Welcome to another edition of Overheard on the Plane.
If you haven’t yet, check out Say What? Overheard on the Plane Editions 1-6 and of course keep sending in your stories for future posts to firstname.lastname@example.org. Remember to include the carrier and route as well as any other pertinent details and sources.
Submitted by Hank W – United Flight San Francisco (SFO) to Denver (DEN)
Child sees uniformed man walking down aisle to bathroom.
Child Passenger: Who is that?
Mother: That’s the pilot.
Child Passenger: Oh. (Silence.). OH MY GOD! WHO’S FLYING THE PLANE??
Submitted by Eric D – United Flight to Boston (BOS) several years ago
Flight Attendant (upon landing): Thank you for choosing United. We know you have a choice in various bankrupt airlines, so we appreciate your choice in flying with us today. Have a nice day.
Submitted by Kevin One Liners Courtesy of OHNY – LaGuardia (LGA) and JFK
Pilot (LGA): In just a few minutes our flight attendants will be starting beverage and snack service, including Coca Cola products and five snack options. Please listen carefully, as FAA regulations strictly prohibit our flight attendants from repeating these options.
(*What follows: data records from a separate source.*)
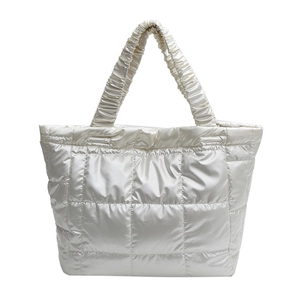 Quilted silver tote bag with padded square pattern and decorative ruched handles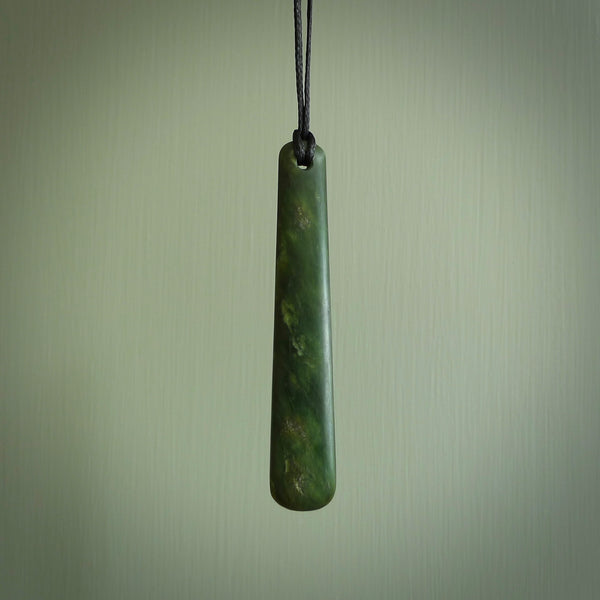 A hand carved large New Zealand Jade drop, roimata, necklace. The cord is a black colour and is a fixed length. A large sized hand made drop necklace by New Zealand artist Kerry Thompson. One off work of art to wear.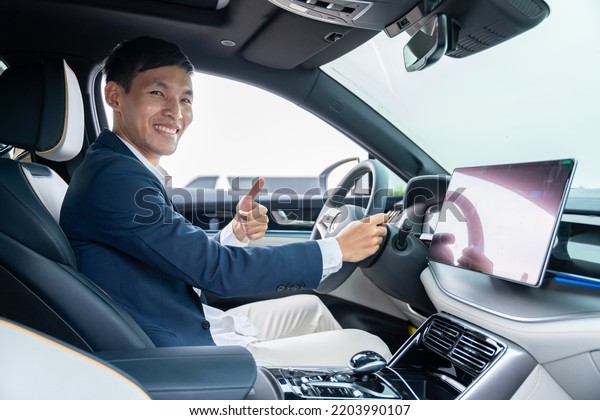 Happy\
businessman driving car before buying new electric vehicle with\
thumbs up. Electric car. EV Car. EV\
vehicle.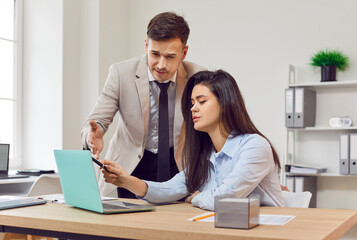 Business male executive manager mentor giving consultation to female colleague using laptop sitting in office desk, investment advisor at work, startup project, discussing ideas, pointing at monitor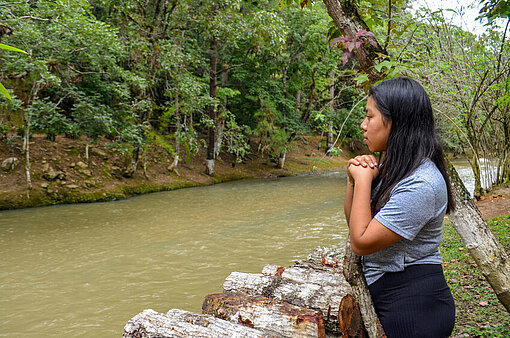 Anahi blickt auf den Fluss, der neben ihrem Zuhause verläuft Anahi steht mit verschränkten Händen am Flussufer und blickt auf das Wasser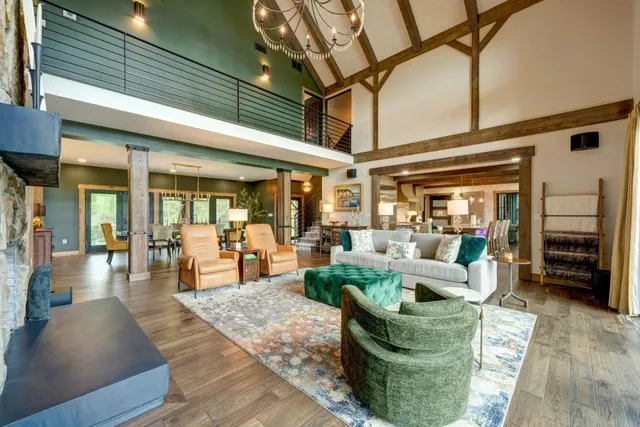 a view of a kitchen with stainless steel appliances granite countertop a lot of counter space cabinets and a couch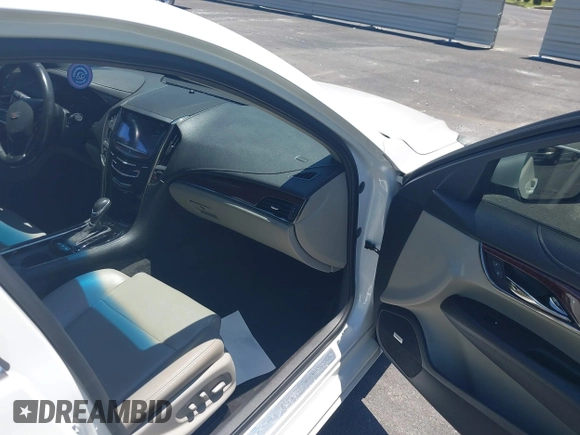 2016 Cadillac ATS Luxury Collection RWD z VIN 1G6AB5RX4G0133529, wystawiony jako IAAI lot #42314146 z przebiegiem 158 897 mil mil oraz . Historia ofert i sprzedaży dostępna na DreamBid. Obrazek 5.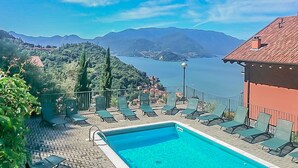 A pool area with lounge chairs, a clear view of a lake, and mountains in the background.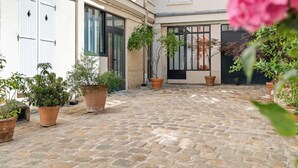 Un patio con suelo de adoquines, plantas en macetas y un edificio con ventanas y puertas grandes.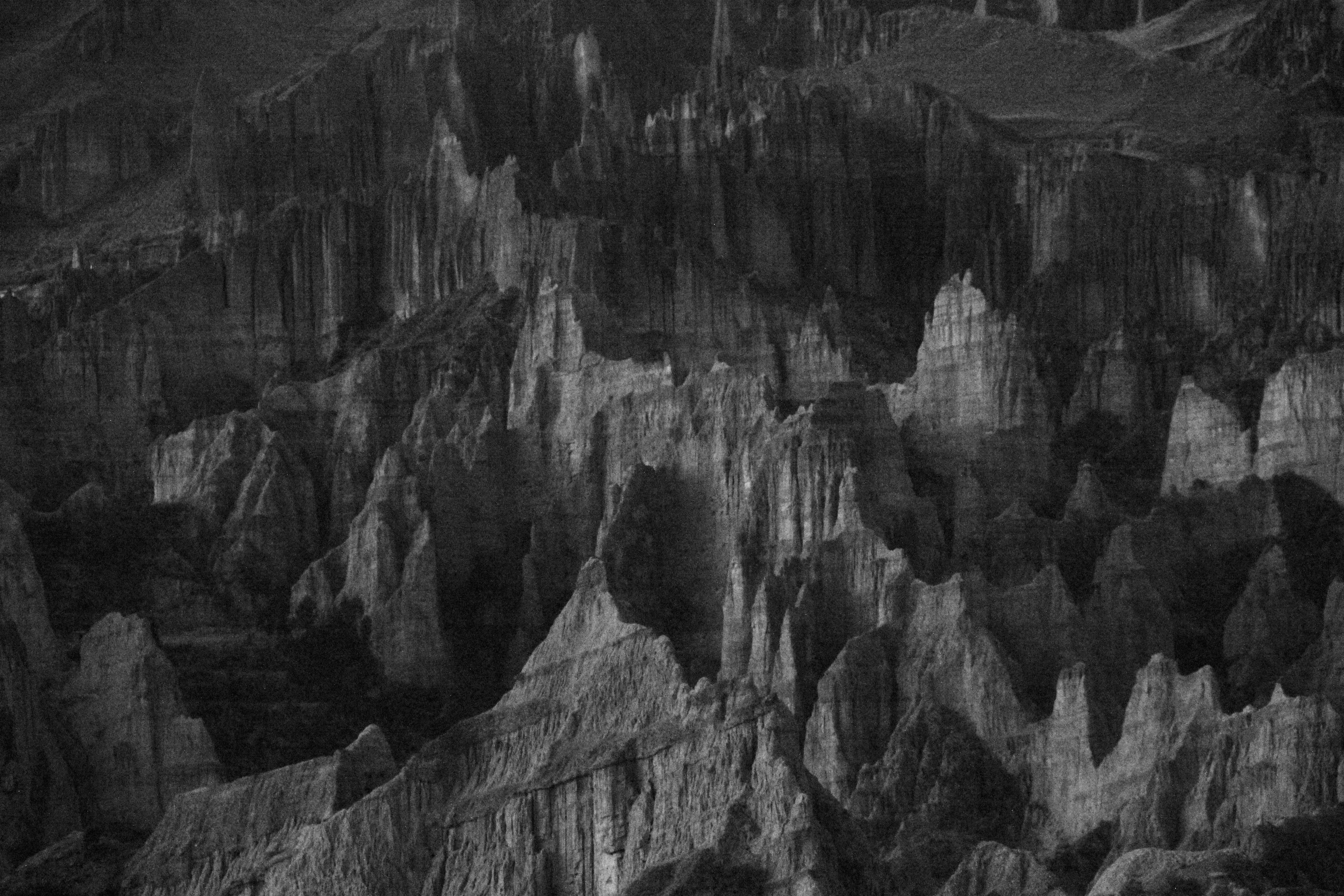 Stunning black and white depiction of dramatic cliff formations in La Paz, Bolivia.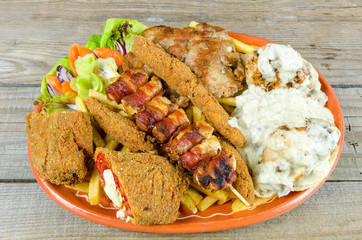 Large amount of miscellaneous Mixed fried meat with vegetables
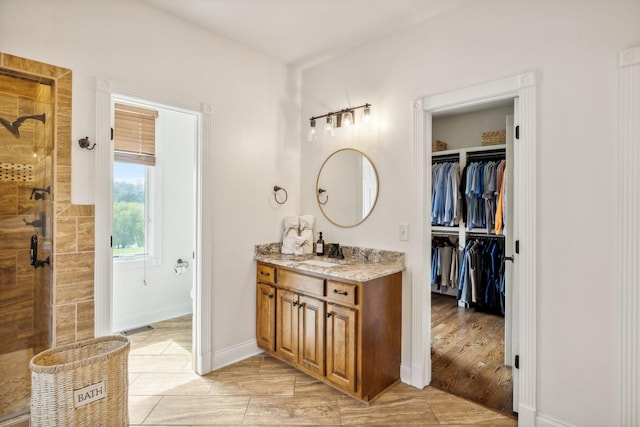 bathroom with vanity and an enclosed shower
United Gate Agent (LGA): Okay, ladies and gentlemen, we’re going to use the last-one-on-is-a-rotten-egg method of boarding here.
Flight Attendant (JFK): Please turn off your cell phones, iPhones, iPods, laptops… Basically, anything that is bringing you joy right now, just turn it off.
Pilot (LGA) as the seatbelt sign goes off: All rise.